(Short web captions)

◇ ◇ ◇ ◇ ◇ ◇ ◇

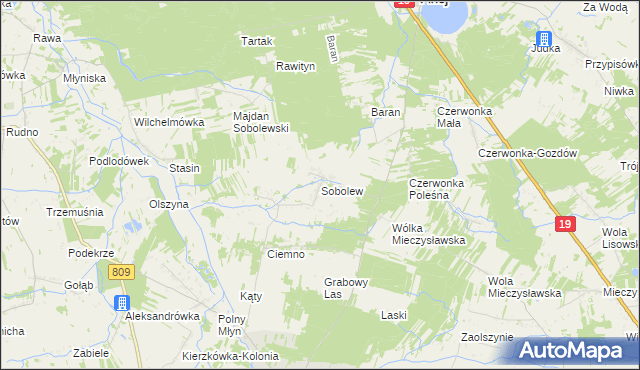 mapa Sobolew gmina Firlej, Sobolew gmina Firlej na mapie Targeo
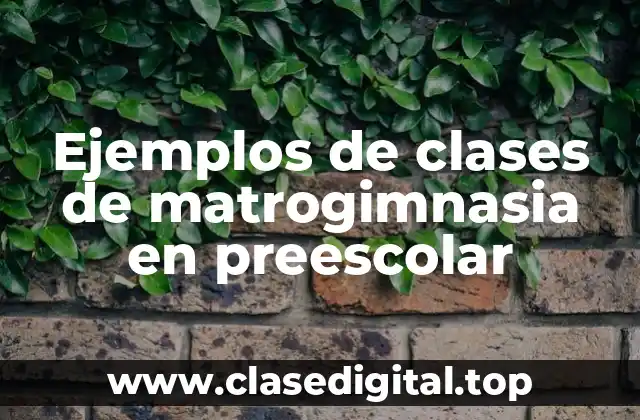 Ejemplos de clases de matrogimnasia en preescolar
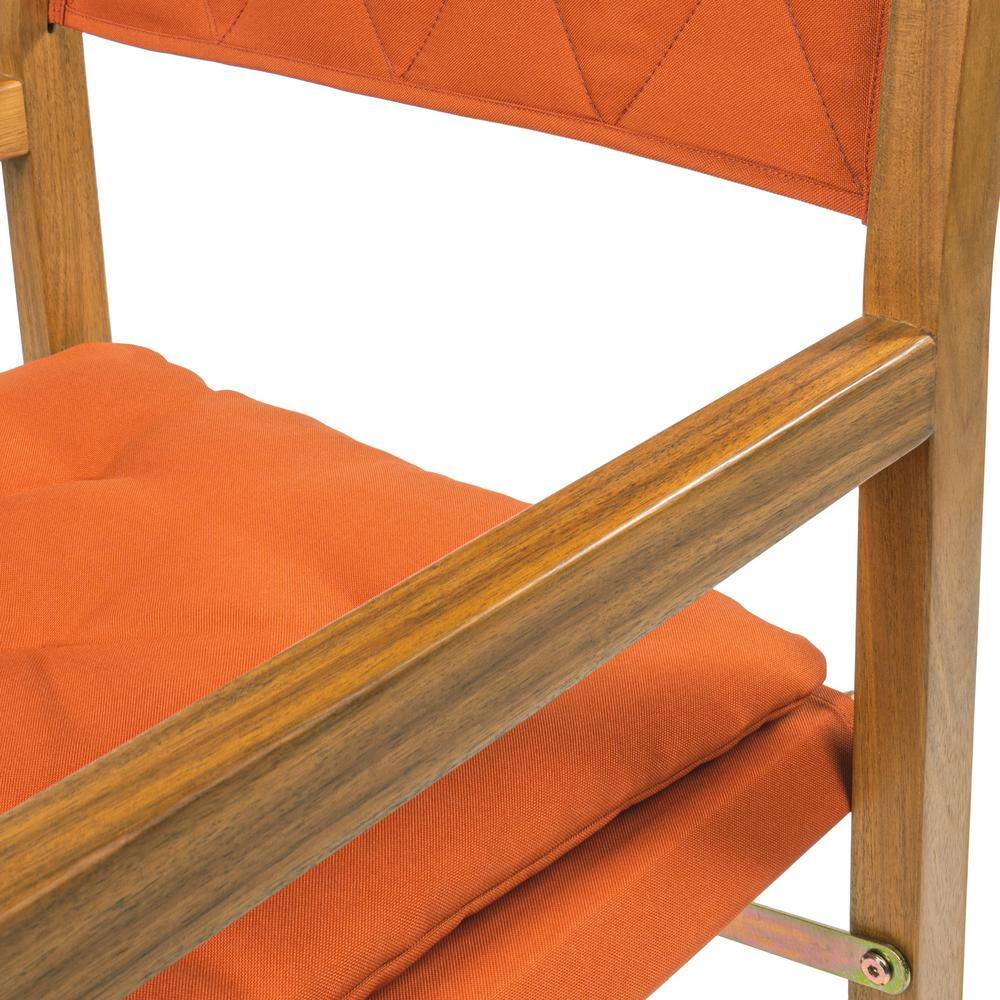 Mid-Century Teak Brown Acacia Wood Director Chair with Orange Cushions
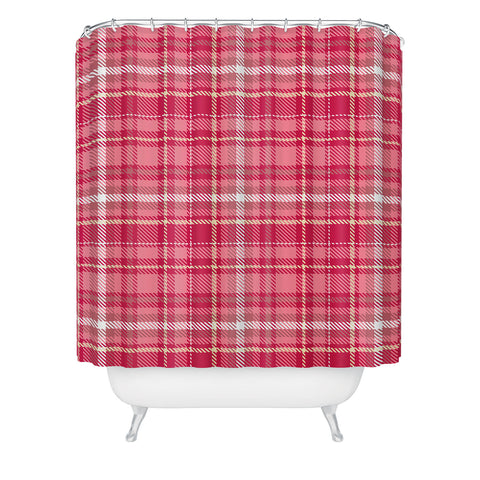 Avenie Pink Plaid Shower Curtain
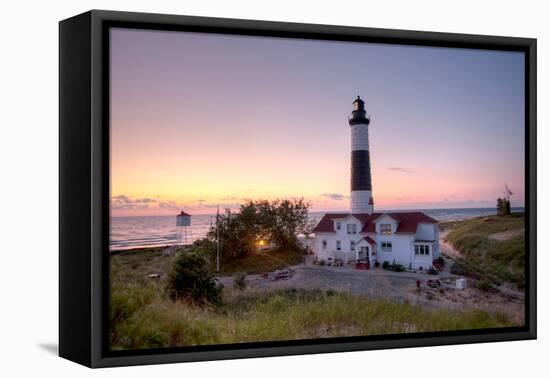 Big Sable Point Lighthouse At Sunset-Adam Romanowicz-Framed Premier Image Canvas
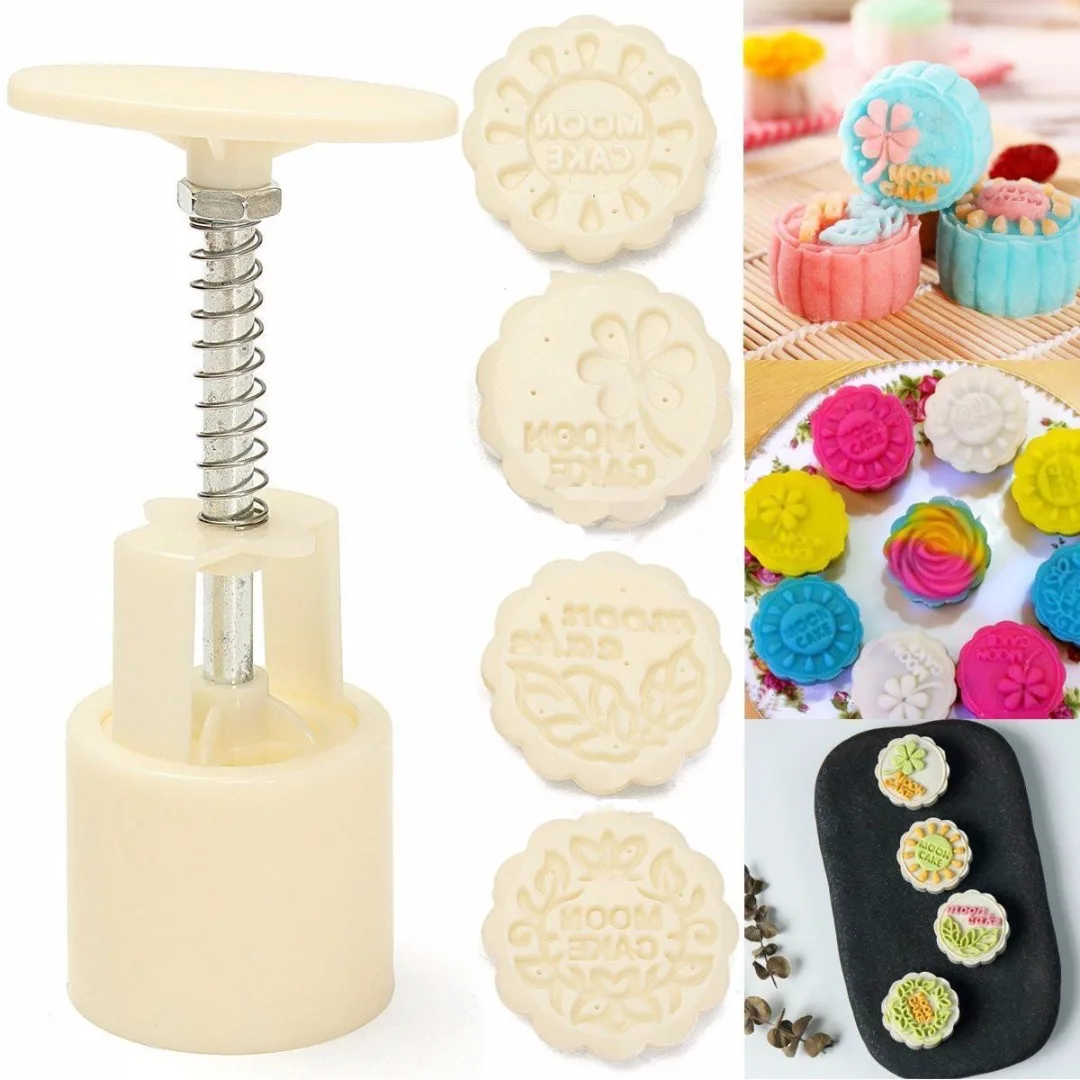 JX-LCLYL 3D Round Moon Cake Mould Set Biscuit Mooncake With 4 Stamps Home DIY Beige New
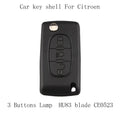 Black Peugeot car key with light on metal key ring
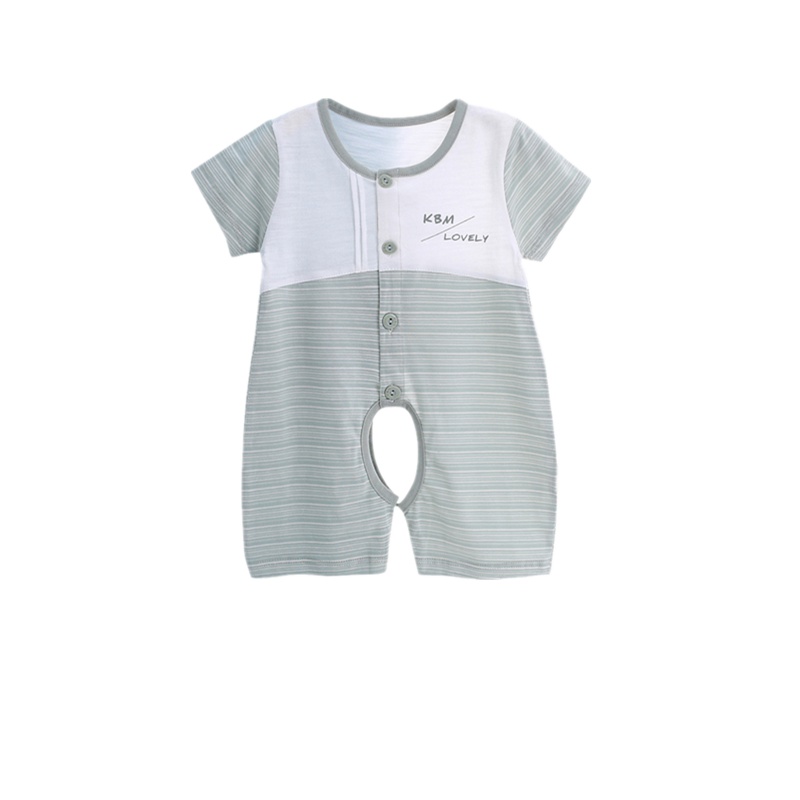 卡比一木KBMLOVELY3-12月婴幼儿内衣爬爬服连体衣宝宝开档哈衣66cm73cm80cm婴儿短袖爬服KM1542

◇ ◇ ◇ ◇ ◇ ◇ ◇

## THE PROBLEM:
Repeat the data above exactly, leaving out any pictures it holds.

## RESULT FOR THIS TASK:
 mapa Sobolew gmina Firlej, Sobolew gmina Firlej na mapie Targeo
 Ejemplos de clases de matrogimnasia en preescolar
 Mid-Century Teak Brown Acacia Wood Director Chair with Orange Cushions
 Avenie Pink Plaid Shower Curtain
 Big Sable Point Lighthouse At Sunset-Adam Romanowicz-Framed Premier Image Canvas
 JX-LCLYL 3D Round Moon Cake Mould Set Biscuit Mooncake With 4 Stamps Home DIY Beige New
 Black Peugeot car key with light on metal key ring
 卡比一木KBMLOVELY3-12月婴幼儿内衣爬爬服连体衣宝宝开档哈衣66cm73cm80cm婴儿短袖爬服KM1542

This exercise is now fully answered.